◆ LISTED RECORDS
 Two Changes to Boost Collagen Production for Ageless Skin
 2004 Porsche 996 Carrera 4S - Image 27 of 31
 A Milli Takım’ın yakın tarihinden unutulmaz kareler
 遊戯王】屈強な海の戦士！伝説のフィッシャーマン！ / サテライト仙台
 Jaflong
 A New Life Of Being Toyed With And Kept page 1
* * *
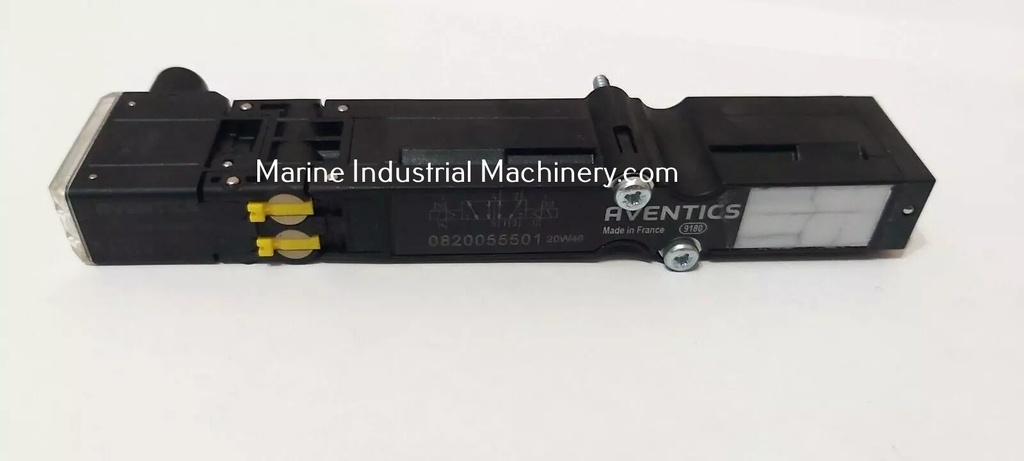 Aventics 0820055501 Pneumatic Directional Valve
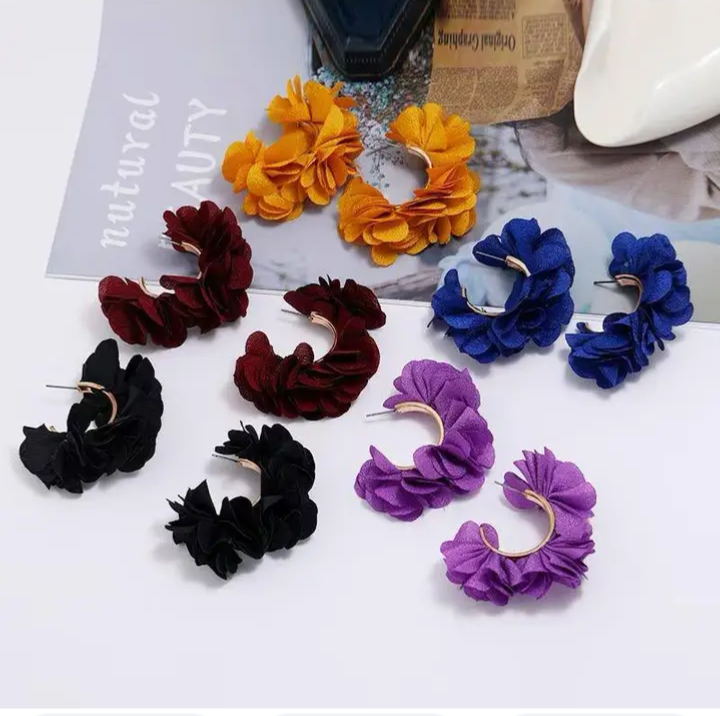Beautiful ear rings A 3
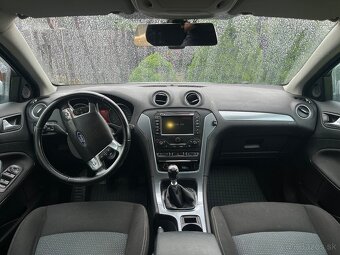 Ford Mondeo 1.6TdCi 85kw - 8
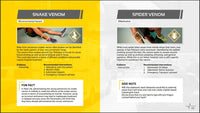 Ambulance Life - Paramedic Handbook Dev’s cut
...
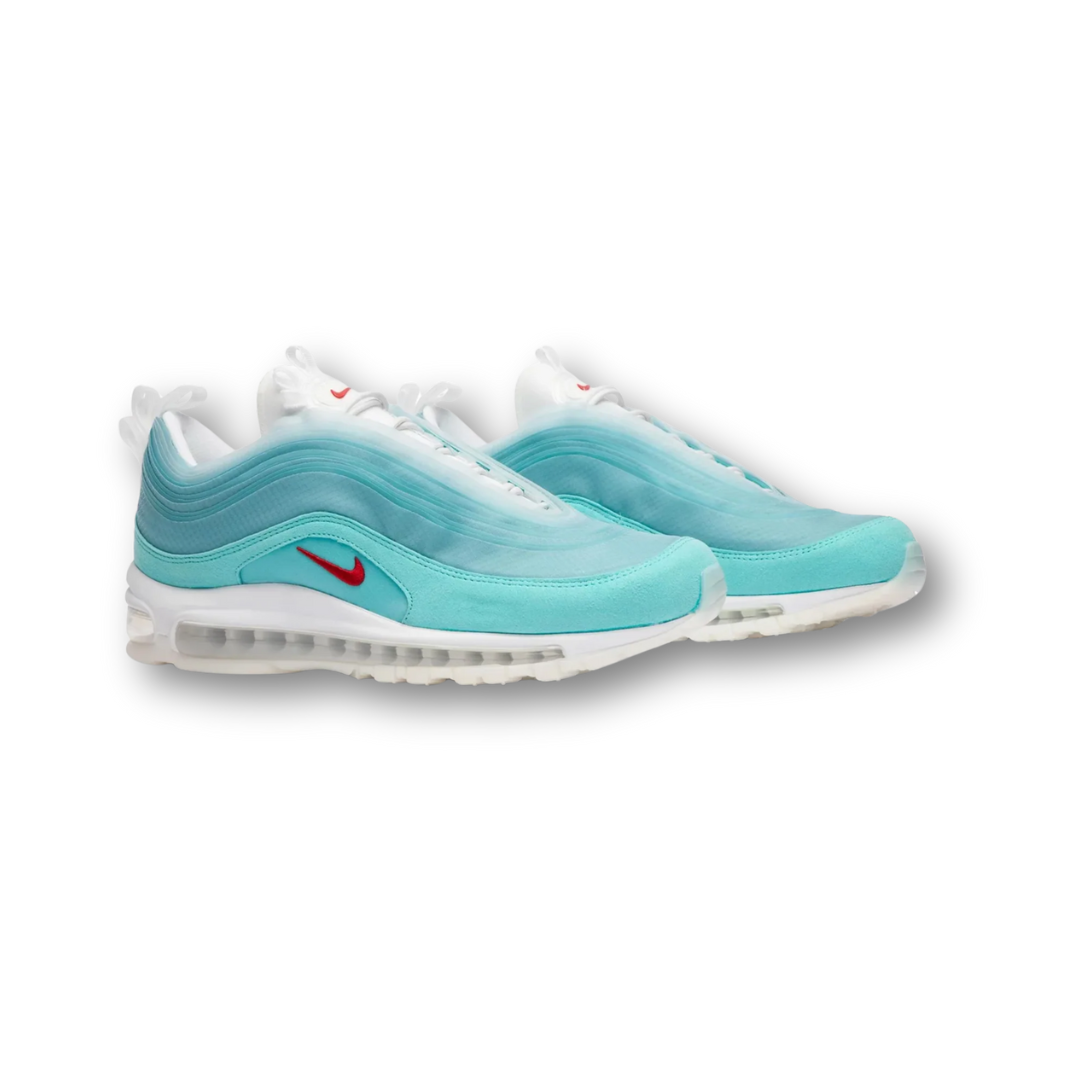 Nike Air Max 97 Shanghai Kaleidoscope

◆ EXERCISE DIRECTIONS
Output only the lines above from the line that holds "Ford Mondeo 1.6TdCi 85kw - 8" through the line that holds "Ambulance Life - Paramedic", both ends included, and exclude pictures.

◆ TASK OUTPUT
 Ford Mondeo 1.6TdCi 85kw - 8
 Ambulance Life - Paramedic Handbook Dev’s cut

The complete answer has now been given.